Wow. This is quite a performance pitfall I was not aware of, thanks!

Can we put that into the docstring of the shift operators? Especially x>>trailing_zeros(x) is an important idiom.

Also, WTF llvm and C. If I read the langref right then a rightshift lshr by >=64 bit is undef; hence, it would be entirely legal to remove the branch that returns 42 in this example, because in clang’s interpretation of C, x>>trailing_zeros(x) of an unsigned int is either nonzero or undefined (llvm poison value). I guess somebody should spec that shifting a zero by any number of bits is always zero before somebody teaches llvm that 0 is the only i64 with 64 trailing zeros.

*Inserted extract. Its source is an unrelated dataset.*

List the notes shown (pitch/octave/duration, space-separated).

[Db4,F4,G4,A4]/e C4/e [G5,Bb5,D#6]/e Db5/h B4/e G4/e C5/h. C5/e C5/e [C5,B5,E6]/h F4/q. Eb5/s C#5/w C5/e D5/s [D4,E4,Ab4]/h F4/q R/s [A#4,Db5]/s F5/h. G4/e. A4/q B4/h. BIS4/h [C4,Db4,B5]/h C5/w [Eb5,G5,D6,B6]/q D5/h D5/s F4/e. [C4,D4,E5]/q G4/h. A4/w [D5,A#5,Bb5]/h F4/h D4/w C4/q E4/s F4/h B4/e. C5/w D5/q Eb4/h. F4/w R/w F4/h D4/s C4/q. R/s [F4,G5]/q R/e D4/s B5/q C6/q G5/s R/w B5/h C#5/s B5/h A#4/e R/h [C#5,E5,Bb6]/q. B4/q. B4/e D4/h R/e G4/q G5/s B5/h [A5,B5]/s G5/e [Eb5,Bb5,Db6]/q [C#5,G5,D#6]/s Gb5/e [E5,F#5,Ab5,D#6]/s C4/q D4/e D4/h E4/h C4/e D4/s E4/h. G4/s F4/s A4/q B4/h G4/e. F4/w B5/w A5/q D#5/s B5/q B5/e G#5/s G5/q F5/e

FYI: I opened a GitHub issue.

1 Like

Could this specific case (gcd) be handled by LLVM with another optimization pass ?

Looking at the output of @code_llvm gcd(1,1), I notice these t lines:

   %28 = call i64 @llvm.cttz.i64(i64 %0, i1 false)
   ...
   %30 = icmp ult i64 %28, 63

Here %28 (i.e. za) could be 64, if %0 (i.e. a) is zero, so LLVM thinks that the icmp ult is necessary. But we know that a is nonzero after a == 0 && return abs(b), so %28 must be 63 or less.

I don’t know enough about writing LLVM optimization passes to say whether it is feasible, but if it is, then it seems like the right place to put the fix.